En 1937, le designer norvégien Jacob Jacobsen (à ne pas confondre avec son homonyme danois Arne Jacobsen) acquiert la licence de fabrication de l’Anglepoise pour la Scandinavie. Il apporte de légères améliorations et commercialise la lampe sous le nom de Luxo L-1. Près de 50 ans plus tard, John Lasseter s’inspire d’un modèle de cette marque.
Lampe d’architecte adoubée par Le Corbusier
Remontons encore plus loin dans le temps, au début du XXe siècle. Au-delà d’une lumière collective, l’éclairage sur les postes de travail en usine s’avère peu satisfaisant. Il s’agit soit de lampes fixées à une potence inamovible, soit de lampes baladeuses posant des soucis de sécurité. En 1921, l’ingénieur français Bernard-Albin Gras invente le premier luminaire avec articulations permettant d’orienter le cône lumineux. Davantage ajustable et modulable, tout en répondant à l’exigence de sécurité électrique, la lampe Gras est adoptée par l’industrie. Elle séduit également le secteur tertiaire et est adoubée par l’architecte Le Corbusier qui l’utilise dans ses propres ateliers. Fonctionnelle et débarrassée de tout ornement, le principe est naturellement repris en Allemagne dans la mouvance du Bauhaus avec, par exemple, le modèle Midgard de Curt Fisher.
Le Corbusier ne sera pas le seul artiste à être attaché à sa lampe de bureau. Le luminaire à bras articulés constitue en outre un marqueur visuel souvent mis en avant pour des photos de bureaux d’artistes comme l’écrivain Roald Dahl avec une Anglepoise, ou le dessinateur Wolinski avec une Jieldé.

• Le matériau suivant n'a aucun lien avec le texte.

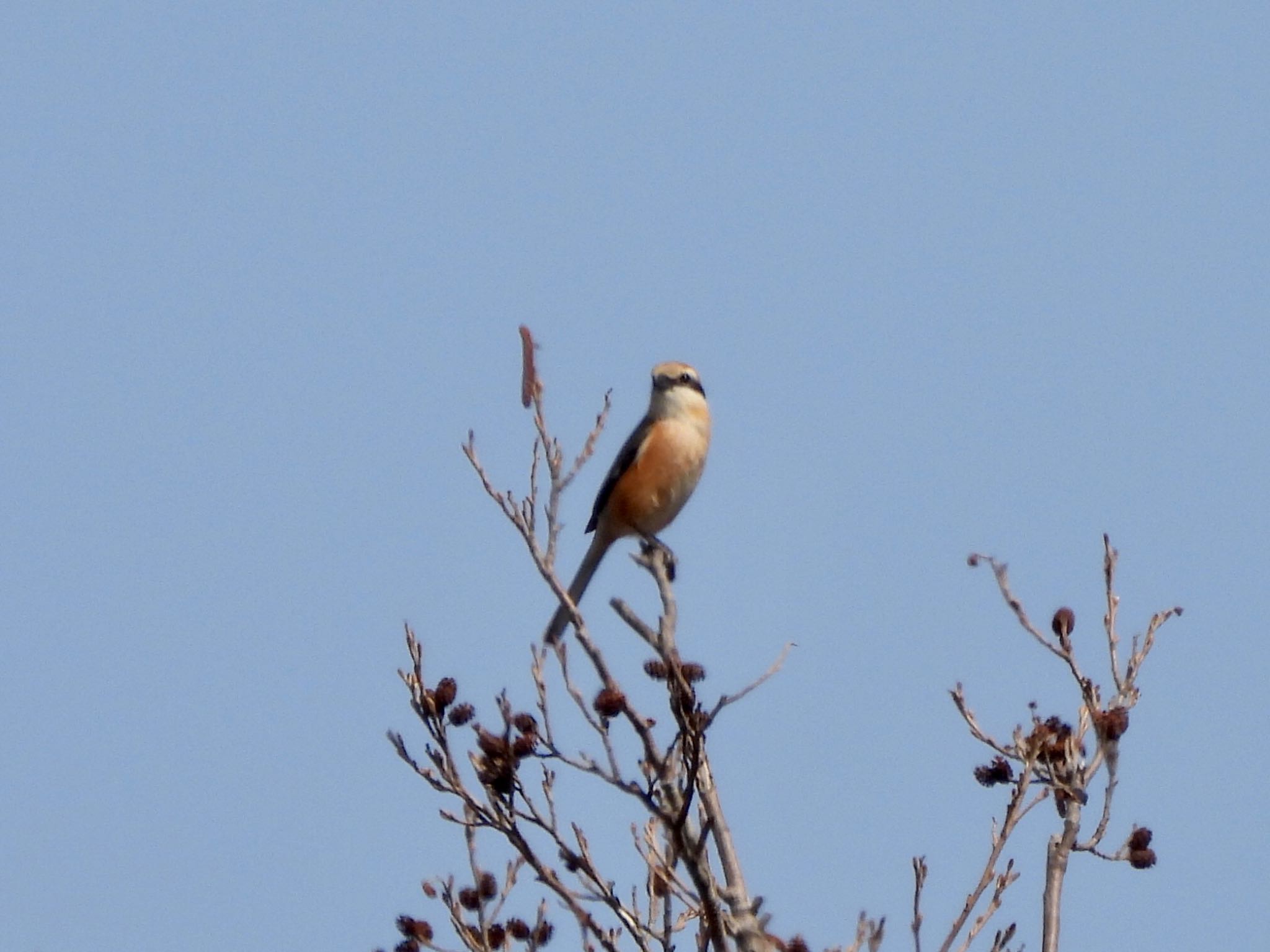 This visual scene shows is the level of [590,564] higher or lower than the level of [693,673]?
higher

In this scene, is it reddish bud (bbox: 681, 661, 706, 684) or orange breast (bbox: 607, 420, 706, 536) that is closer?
reddish bud (bbox: 681, 661, 706, 684)

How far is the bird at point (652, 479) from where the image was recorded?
9227 mm

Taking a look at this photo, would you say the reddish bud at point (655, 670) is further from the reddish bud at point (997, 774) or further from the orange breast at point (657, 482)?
the orange breast at point (657, 482)

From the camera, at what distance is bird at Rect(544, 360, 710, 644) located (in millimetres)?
9227

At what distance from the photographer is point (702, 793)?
488cm

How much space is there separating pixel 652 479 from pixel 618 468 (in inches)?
11.1

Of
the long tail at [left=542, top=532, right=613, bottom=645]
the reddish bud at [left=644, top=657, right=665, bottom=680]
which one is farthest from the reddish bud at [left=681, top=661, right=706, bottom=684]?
the long tail at [left=542, top=532, right=613, bottom=645]

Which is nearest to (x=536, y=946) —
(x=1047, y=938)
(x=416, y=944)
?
(x=416, y=944)

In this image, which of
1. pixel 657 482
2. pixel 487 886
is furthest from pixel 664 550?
pixel 487 886

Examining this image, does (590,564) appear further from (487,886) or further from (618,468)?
(487,886)

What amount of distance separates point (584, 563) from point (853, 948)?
15.1 ft

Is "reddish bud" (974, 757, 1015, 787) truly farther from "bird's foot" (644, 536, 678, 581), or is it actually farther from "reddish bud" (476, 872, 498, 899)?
"bird's foot" (644, 536, 678, 581)

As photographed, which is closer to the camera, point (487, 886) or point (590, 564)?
point (487, 886)

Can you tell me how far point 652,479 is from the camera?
30.3 feet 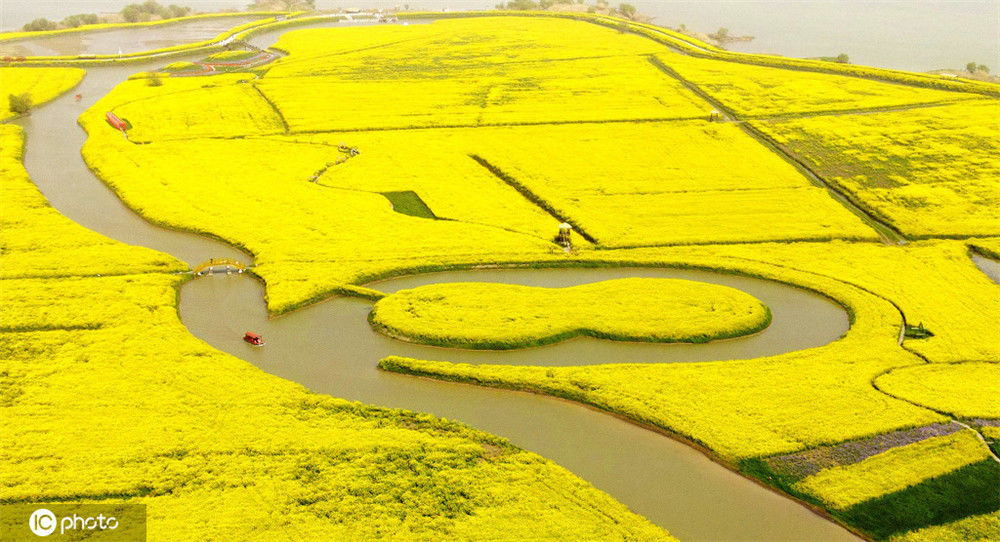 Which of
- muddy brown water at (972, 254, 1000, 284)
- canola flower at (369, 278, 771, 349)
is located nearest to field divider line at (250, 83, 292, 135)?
canola flower at (369, 278, 771, 349)

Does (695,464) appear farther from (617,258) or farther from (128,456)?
(128,456)

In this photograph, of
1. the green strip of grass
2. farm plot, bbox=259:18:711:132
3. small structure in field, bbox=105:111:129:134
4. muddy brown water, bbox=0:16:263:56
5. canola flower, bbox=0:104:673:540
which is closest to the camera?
canola flower, bbox=0:104:673:540

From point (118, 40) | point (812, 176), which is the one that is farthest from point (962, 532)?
point (118, 40)

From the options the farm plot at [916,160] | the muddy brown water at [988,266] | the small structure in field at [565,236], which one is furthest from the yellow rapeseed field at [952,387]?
the small structure in field at [565,236]

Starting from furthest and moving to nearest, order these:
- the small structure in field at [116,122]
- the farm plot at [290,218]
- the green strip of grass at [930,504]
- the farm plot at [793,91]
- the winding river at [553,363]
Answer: the farm plot at [793,91] < the small structure in field at [116,122] < the farm plot at [290,218] < the winding river at [553,363] < the green strip of grass at [930,504]

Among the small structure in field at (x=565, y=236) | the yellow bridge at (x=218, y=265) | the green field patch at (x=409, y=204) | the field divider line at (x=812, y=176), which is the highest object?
the field divider line at (x=812, y=176)

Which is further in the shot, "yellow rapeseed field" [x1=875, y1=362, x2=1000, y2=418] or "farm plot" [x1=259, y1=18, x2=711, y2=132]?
"farm plot" [x1=259, y1=18, x2=711, y2=132]

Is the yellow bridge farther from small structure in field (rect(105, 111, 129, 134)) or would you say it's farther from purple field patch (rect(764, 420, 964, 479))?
small structure in field (rect(105, 111, 129, 134))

Luminaire Jieldé made in France
En 1953, Jean-Louis Domecq est entrepreneur en mécanique dans la région lyonnaise. Il constate dans ses ateliers, et par les retours de ses clients, que la maintenance des systèmes d’éclairage industriel constitue un coût non négligeable en raison de réparations ou de réglages récurrents nuisant à la productivité. Il invente la Jieldé, d’après les initiales de son nom. Robuste et facilement réglable grâce à son cercle de manipulation, l’innovation principale provient de l’absence de fils électriques au niveau des articulations, remplacés par des contacts électriques circulaires en chrysocale, un alliage de cuivre, de zinc et d’étain, quasi inusable.
Les luminaires sont montés tels des mécanos par le client, qui peut ainsi moduler le nombre de bras selon ses besoins. Aujourd’hui encore, la société Jieldé garantit une fabrication 100 % française.
L’art du contrepoids articulé
Outre les rotules et les ressorts, l’utilisation de contrepoids constitue une technique encore plus élégante pour concevoir des bras équilibrés. Le français Édouard Wilfrid Buquet propose une lampe reposant sur ce principe dès 1927.
En 1972, la Tizio du designer Richard Sapper est une lampe de bureau avec deux contrepoids facilement ajustables. Très high-tech pour l’époque, le socle contient un transformateur alimentant en 12 V une lampe halogène, sans câble électrique apparent.
Du luminaire industriel à l’éclairage domestique
Dès la fin des Trente Glorieuses, la désindustrialisation s’amorce. Les besoins d’un éclairage par poste de travail diminuent. Certaines lampes industrielles sont revendues en brocante et connaissent un certain succès pour l’aménagement d’appartements.
Les fabricants doivent réorienter leur catalogue et leur marketing vers ce nouveau marché. Chez Jieldé, le principal changement se trouve dans le choix des couleurs, plus nombreuses et plus vives, pour une collection justement appelée « Loft ».
Après la Tizio, Artemide récidive en 1987 avec un nouveau best-seller, la Tolomeo, des designers Michele De Lucchi et Giancarlo Fassina. Les câbles de tension externes sont reliés à des ressorts dissimulés à l’intérieur des bras. La lampe remporte un Compasso d’Oro, prestigieuse récompense du design made in Italia.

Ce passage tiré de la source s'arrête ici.